The gang of thieves in the infamous November 20 Union Square flash-mob robbery apparently didn’t even know each other, as law enforcement officials now say the crew was recruited via the disappearing message app Snapchat.

In the 1988 crime spoof The Naked Gun, criminal mastermind Vincent Ludwig (Ricardo Montalban) says of his murder-by-hypnotism scheme, “There is even a more ideal assassin — one who doesn't know he's an assassin.”

A variation on this scheme may have been at play in the late November Union Square handbag heist, as well as a similar ransacking of a Nordstrom in Walnut Creek the following day, plus other coordinated retail robberies as far away as Minnesota. That is, the ideal member of a flash-mob shoplifting gang may be one who doesn’t know they are part of a flash-mob shoplifting gang, doesn’t know anyone else in the gang, and cannot testify against the higher-ups because they don’t know who the higher-ups are.
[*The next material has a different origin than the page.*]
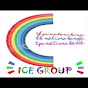 ICE GROUP PURWODADI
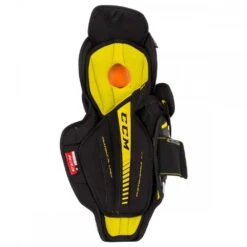 Hot Sale 😍 2019 CCM SG SUPER TACKS AS1 SENIOR SHIN PADS ⭐ 6 Hot Sale 😍 2019 CCM SG SUPER TACKS AS1 SENIOR SHIN PADS ⭐ -Cheap Powers Baseball Store image 1879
And a multi-county team of law enforcement officials suspects that may be how these mass retail thefts were structured. The Hill reports that the Union Square heist, plus several other similar recent jobs, were organized on the app Snapchat. Their reporting picks up on an original report in the Wall Street Journal (subscription paywall), saying that organized crime is particularly pleased with Snapchat as a tool, because of the anonymity and disappearing messages that it offers.

“This isn’t The Godfather by any stretch,” San Mateo County district attorney Steve Wagstaffe, told the Journal. “It’s the modern version of ‘Hey, there’s a party tonight’ and suddenly you have 100 kids showing up.”

This does explain the enormous age range between the San Francisco suspects. For their part, Snapchat parent company Snap tells the Journal they found no evidence of robberies being organized on their platform.

But does Snapchat even care? Sure seems that whenever someone gets busted for criminal behavior on Snapchat, it's law enforcement nabbing them, and not the company Snap. And we know that tech platforms play an important role in the organized retail theft ecosphere, which they never seem to crack down on, because investors gotta see those growth numbers. Snapchat has much more financial incentive to look the other way than to clamp down on this, so organizing a mass retail theft on the platform remains pretty much a snap.  

Related: Feds Bust Oakland Gun Trafficker Who Was Using Snapchat To Sell Illegal Weapons [SFist]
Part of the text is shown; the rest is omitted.